- WHAT IS EXPECTED
Filter the entries for the word "Building". Copy each line in which it occurs.

╭─ INFORMATION

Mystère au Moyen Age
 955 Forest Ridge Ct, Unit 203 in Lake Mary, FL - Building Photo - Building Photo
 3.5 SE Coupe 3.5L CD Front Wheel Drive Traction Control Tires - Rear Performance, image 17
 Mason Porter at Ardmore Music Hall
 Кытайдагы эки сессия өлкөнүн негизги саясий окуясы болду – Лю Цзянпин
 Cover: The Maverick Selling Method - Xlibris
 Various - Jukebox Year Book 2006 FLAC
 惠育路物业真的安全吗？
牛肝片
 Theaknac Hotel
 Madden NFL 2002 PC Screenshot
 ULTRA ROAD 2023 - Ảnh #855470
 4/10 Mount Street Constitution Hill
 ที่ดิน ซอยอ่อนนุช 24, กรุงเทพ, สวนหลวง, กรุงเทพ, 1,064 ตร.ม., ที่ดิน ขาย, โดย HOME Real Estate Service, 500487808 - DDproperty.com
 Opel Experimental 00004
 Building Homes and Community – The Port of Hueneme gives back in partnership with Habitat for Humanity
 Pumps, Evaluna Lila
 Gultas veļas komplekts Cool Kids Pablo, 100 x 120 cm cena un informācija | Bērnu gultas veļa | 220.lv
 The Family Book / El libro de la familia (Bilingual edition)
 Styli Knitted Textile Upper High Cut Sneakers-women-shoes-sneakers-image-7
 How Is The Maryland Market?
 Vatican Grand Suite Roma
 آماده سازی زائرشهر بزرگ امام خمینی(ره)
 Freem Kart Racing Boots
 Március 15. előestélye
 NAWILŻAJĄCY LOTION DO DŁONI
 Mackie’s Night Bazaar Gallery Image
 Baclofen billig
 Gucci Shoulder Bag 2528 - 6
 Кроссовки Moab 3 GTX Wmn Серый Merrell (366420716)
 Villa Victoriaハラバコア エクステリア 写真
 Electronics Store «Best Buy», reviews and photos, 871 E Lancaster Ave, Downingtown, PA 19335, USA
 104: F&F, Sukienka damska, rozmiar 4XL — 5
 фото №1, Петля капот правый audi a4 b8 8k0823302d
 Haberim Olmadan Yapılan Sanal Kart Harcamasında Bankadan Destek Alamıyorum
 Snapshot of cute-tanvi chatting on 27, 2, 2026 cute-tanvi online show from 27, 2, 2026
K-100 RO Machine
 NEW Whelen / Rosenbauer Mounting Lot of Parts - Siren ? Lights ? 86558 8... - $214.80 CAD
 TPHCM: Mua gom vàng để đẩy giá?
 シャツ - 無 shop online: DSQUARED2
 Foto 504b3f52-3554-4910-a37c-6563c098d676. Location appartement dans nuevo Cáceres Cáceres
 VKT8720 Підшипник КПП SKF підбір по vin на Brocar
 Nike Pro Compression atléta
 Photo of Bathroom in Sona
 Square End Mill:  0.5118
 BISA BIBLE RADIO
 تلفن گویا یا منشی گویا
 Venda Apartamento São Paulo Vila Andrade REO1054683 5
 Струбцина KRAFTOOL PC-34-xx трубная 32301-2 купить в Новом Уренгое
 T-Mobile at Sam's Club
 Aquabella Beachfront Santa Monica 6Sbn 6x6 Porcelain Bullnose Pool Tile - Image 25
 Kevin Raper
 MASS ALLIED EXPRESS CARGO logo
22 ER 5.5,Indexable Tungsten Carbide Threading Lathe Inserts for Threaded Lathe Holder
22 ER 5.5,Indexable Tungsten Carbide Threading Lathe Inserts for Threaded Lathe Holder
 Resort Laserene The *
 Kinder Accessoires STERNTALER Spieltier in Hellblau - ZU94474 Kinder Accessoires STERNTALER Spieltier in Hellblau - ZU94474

╰─

- TASK ANSWER
 955 Forest Ridge Ct, Unit 203 in Lake Mary, FL - Building Photo - Building Photo
 Building Homes and Community – The Port of Hueneme gives back in partnership with Habitat for Humanity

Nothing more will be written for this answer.